1と2は日本人の特性(外国語アレルギー率が高い、携帯からのネットアクセス率が高い)から理解できると思いますので、細かには解説しません。3について解説します。

 国際舞台でSNSが活用される目的の中で、非常に大きな位置づけにあるのは、物理的な距離をおぎなうことです。とくに、世界的に飛び回って仕事をしていたり、留学していたりといった経験があると、各地に友人・同僚がいて、手軽なコミュニケーションツールを模索します。もちろん、共通の趣味の「出会い」を求めたりという趣旨もありますが。とくに、facebookは実世界での友達や同志がコミュニケーションをとるということを前提に発展してきたので、より一層物理的距離を補うという目的が強くなります。

 一方で、日本人の実情を考えると、多くの人は、あまり物理的な距離をおぎなうことをSNSに求めていません。これは社内SNSがいまいち流行らない理由にも該当しますが、「会えばいいじゃん」という思考がかならずどこかに存在するからです。また、海外にでていく人が少なく、外国人とのコミュニケーションが少ないという点からも、物理的な距離の限界は国内にとどまる人たちが多いのです。
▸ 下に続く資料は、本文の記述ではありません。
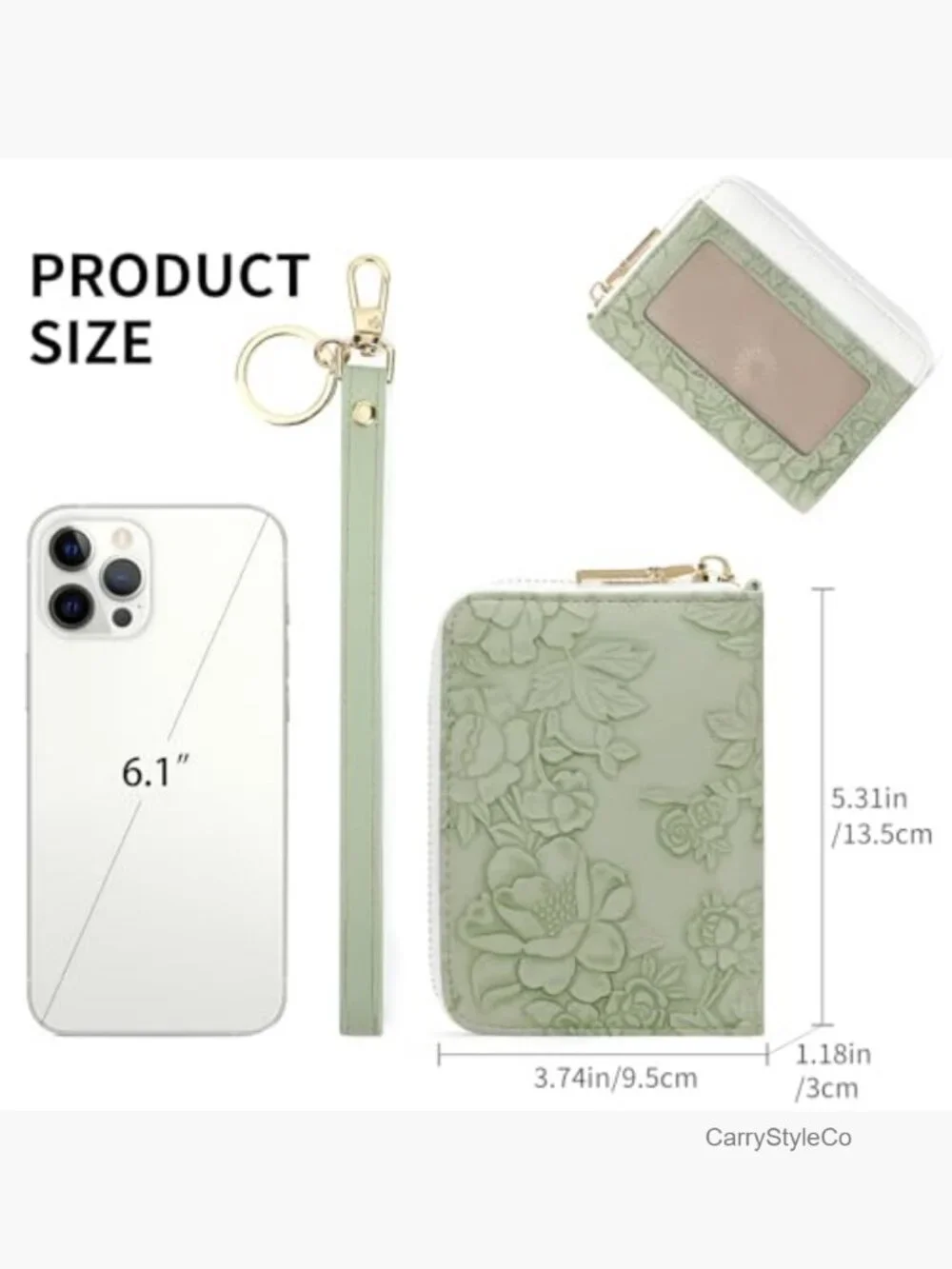RFID Blocking Credit Card Holder Wristlet Zipper Purse with ID Window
 ここで、具体的にツイッターとフェイスブックを比較しながら考えてみます。ツイッターが流行ったのは、緩い一体感を呼ぶというところに確実にマッチしたからです。これは、ミクシィやグリーのゲームアプリやアメーバピグのようなものと同様です。これら3つはゲームを通じて、緩いコミュニケーションをとり、緩い一体感を呼ぶわけです。人間は、一体感というものを感じたがる生き物だと考えています。たとえば、実世界で目の前が火事など危機的な場面に遭遇するとしましょう。普段は話さないであろう近くにいる人たちと、連携をとったり情報を共有したりして解決にあたり、妙な仲間意識が生まれたりします。ツイッターも似たようなところがあります。今回の震災の事例を考えてみるとわかりますが、ある被災地の方が「~で困っている」と発信すると、そこに対して一斉に協力するわけです。この緩い一体感に妙に燃え上がる使命感のようなものを感じる人もいると思います。こういうことを体験した人たちが、

「ツイッターはいいよ。なんか、いいよ。よくわかんないけど、いいよ。」

というわけです。もちろん、ほかのSNSやメーリングリストなどでも起きることですが、ツイッター上では、実世界に近い速度と環境で起こるのです。

 一方、フェイスブックはどうか。基本的には、実名主義で、会ったことがある人たちとコミュニケーションをとることを目的としたSNSです。よって、国際的なコミュニケーションを必要とする人たちの利用が目立ちます。大学の教授、院生、留学生、国際的に活躍している実業家などなど。最近は、フェイスブックをツイッターライクに、友達4000人などという状態になっている人も見かけますが、これはfacebookの日本流の使い方ということになるのだと思います。しかし、これではコンセプトがツイッターと同じになってしまい、ツイッターに負けてしまうでしょう。つまり、フェイスブックは、どちらをむいても(本流であれ、最近出てきた利用法であれ)緩い一体感をよぶツールとはいいにくく、流行る可能性は低いのではないかと感じています。 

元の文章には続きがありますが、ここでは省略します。